## Your task
Nothing in the data below may be left out; return all of it exactly.
=== Section Start ===
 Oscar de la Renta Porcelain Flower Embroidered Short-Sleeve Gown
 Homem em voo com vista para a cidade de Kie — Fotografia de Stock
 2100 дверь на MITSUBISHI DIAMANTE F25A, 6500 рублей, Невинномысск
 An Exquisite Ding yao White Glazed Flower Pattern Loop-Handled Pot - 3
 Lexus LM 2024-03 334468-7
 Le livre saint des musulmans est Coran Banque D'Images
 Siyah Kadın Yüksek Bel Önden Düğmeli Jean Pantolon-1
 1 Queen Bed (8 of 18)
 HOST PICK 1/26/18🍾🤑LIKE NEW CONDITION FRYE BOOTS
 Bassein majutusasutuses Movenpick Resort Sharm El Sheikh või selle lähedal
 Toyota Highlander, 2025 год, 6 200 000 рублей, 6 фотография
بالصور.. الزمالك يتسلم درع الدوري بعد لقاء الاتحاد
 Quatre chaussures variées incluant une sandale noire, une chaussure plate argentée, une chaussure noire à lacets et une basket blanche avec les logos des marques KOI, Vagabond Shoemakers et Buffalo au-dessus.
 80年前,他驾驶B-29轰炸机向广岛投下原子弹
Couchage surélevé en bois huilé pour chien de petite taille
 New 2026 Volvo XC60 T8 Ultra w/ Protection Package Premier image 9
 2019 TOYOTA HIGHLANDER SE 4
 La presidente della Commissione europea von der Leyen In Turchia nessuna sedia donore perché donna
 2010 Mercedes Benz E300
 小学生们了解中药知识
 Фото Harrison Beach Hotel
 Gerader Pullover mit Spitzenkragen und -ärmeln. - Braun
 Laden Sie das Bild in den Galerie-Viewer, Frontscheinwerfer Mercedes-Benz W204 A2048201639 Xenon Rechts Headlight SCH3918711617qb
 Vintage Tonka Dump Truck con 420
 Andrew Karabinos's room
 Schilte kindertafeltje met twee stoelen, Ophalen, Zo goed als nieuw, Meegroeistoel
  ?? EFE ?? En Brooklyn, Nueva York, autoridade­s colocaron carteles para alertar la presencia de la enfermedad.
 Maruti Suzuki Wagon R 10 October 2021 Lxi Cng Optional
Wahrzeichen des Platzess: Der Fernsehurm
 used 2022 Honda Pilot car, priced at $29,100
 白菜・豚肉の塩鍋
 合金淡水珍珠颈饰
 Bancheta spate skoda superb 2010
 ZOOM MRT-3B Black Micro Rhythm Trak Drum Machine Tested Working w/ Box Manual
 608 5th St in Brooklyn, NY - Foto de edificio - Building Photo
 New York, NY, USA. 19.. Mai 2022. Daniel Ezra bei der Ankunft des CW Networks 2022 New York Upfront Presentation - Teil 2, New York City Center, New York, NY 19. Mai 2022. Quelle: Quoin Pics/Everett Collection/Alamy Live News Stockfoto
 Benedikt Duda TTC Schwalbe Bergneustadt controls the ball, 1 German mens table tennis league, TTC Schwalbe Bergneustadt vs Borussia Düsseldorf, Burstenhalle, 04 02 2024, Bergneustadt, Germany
=== Section End ===
## Solution to this exercise
 Oscar de la Renta Porcelain Flower Embroidered Short-Sleeve Gown
 Homem em voo com vista para a cidade de Kie — Fotografia de Stock
 2100 дверь на MITSUBISHI DIAMANTE F25A, 6500 рублей, Невинномысск
 An Exquisite Ding yao White Glazed Flower Pattern Loop-Handled Pot - 3
 Lexus LM 2024-03 334468-7
 Le livre saint des musulmans est Coran Banque D'Images
 Siyah Kadın Yüksek Bel Önden Düğmeli Jean Pantolon-1
 1 Queen Bed (8 of 18)
 HOST PICK 1/26/18🍾🤑LIKE NEW CONDITION FRYE BOOTS
 Bassein majutusasutuses Movenpick Resort Sharm El Sheikh või selle lähedal
 Toyota Highlander, 2025 год, 6 200 000 рублей, 6 фотография
بالصور.. الزمالك يتسلم درع الدوري بعد لقاء الاتحاد
 Quatre chaussures variées incluant une sandale noire, une chaussure plate argentée, une chaussure noire à lacets et une basket blanche avec les logos des marques KOI, Vagabond Shoemakers et Buffalo au-dessus.
 80年前,他驾驶B-29轰炸机向广岛投下原子弹
Couchage surélevé en bois huilé pour chien de petite taille
 New 2026 Volvo XC60 T8 Ultra w/ Protection Package Premier image 9
 2019 TOYOTA HIGHLANDER SE 4
 La presidente della Commissione europea von der Leyen In Turchia nessuna sedia donore perché donna
 2010 Mercedes Benz E300
 小学生们了解中药知识
 Фото Harrison Beach Hotel
 Gerader Pullover mit Spitzenkragen und -ärmeln. - Braun
 Laden Sie das Bild in den Galerie-Viewer, Frontscheinwerfer Mercedes-Benz W204 A2048201639 Xenon Rechts Headlight SCH3918711617qb
 Vintage Tonka Dump Truck con 420
 Andrew Karabinos's room
 Schilte kindertafeltje met twee stoelen, Ophalen, Zo goed als nieuw, Meegroeistoel
  ?? EFE ?? En Brooklyn, Nueva York, autoridade­s colocaron carteles para alertar la presencia de la enfermedad.
 Maruti Suzuki Wagon R 10 October 2021 Lxi Cng Optional
Wahrzeichen des Platzess: Der Fernsehurm
 used 2022 Honda Pilot car, priced at $29,100
 白菜・豚肉の塩鍋
 合金淡水珍珠颈饰
 Bancheta spate skoda superb 2010
 ZOOM MRT-3B Black Micro Rhythm Trak Drum Machine Tested Working w/ Box Manual
 608 5th St in Brooklyn, NY - Foto de edificio - Building Photo
 New York, NY, USA. 19.. Mai 2022. Daniel Ezra bei der Ankunft des CW Networks 2022 New York Upfront Presentation - Teil 2, New York City Center, New York, NY 19. Mai 2022. Quelle: Quoin Pics/Everett Collection/Alamy Live News Stockfoto
 Benedikt Duda TTC Schwalbe Bergneustadt controls the ball, 1 German mens table tennis league, TTC Schwalbe Bergneustadt vs Borussia Düsseldorf, Burstenhalle, 04 02 2024, Bergneustadt, Germany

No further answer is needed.